- [TO DO]: Return exactly the lines of the records below, starting at the line that contains "Gambar Paso Tenda" and ending at the line that contains "Titanium Quartz Cluster", with both of those lines kept.

- [SOURCE RECORDS]:
+===+
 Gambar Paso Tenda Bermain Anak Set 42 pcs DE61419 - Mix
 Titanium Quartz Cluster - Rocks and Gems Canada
+===+
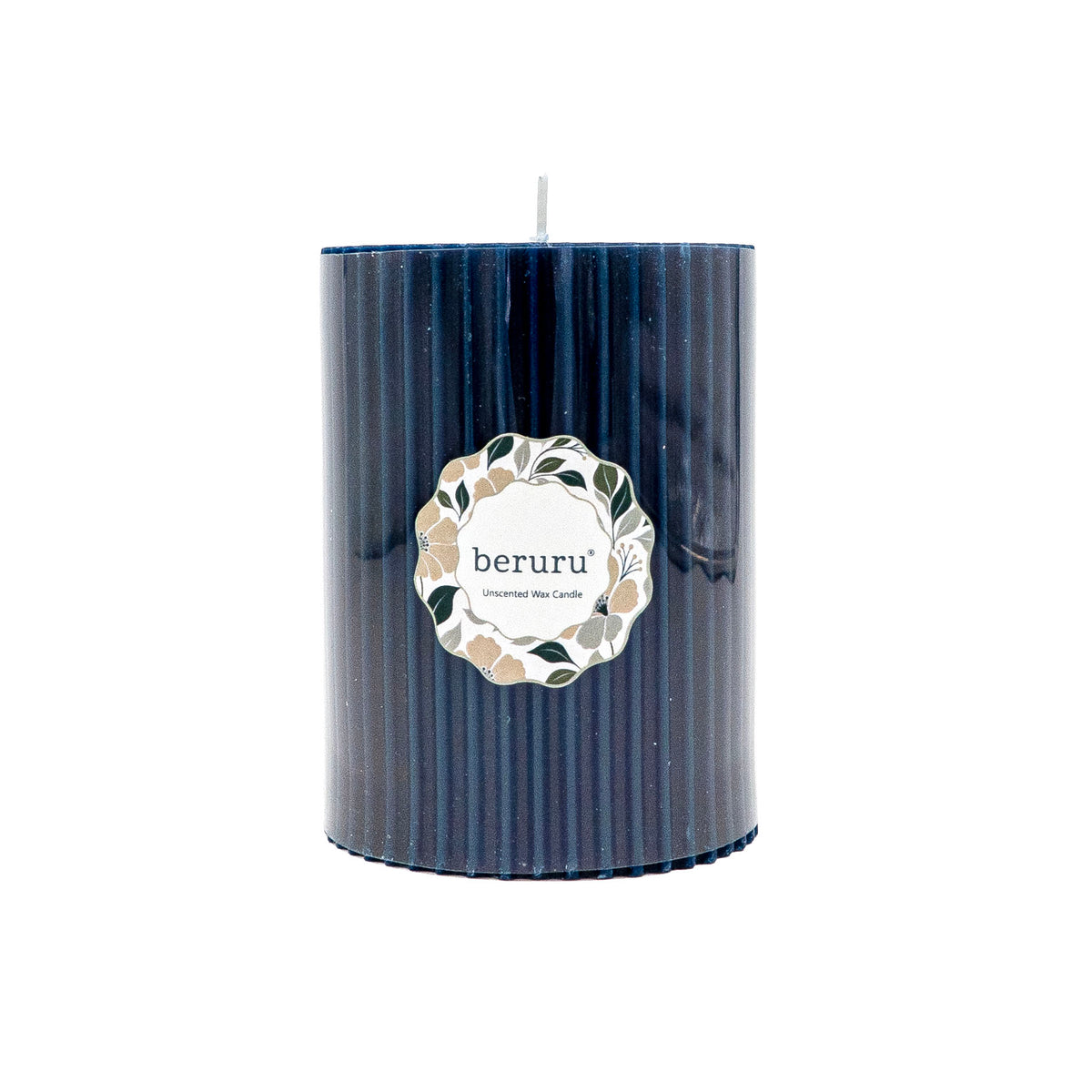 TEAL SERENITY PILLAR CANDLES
+===+
- [ANSWER TO THE EXERCISE]:
 Gambar Paso Tenda Bermain Anak Set 42 pcs DE61419 - Mix
 Titanium Quartz Cluster - Rocks and Gems Canada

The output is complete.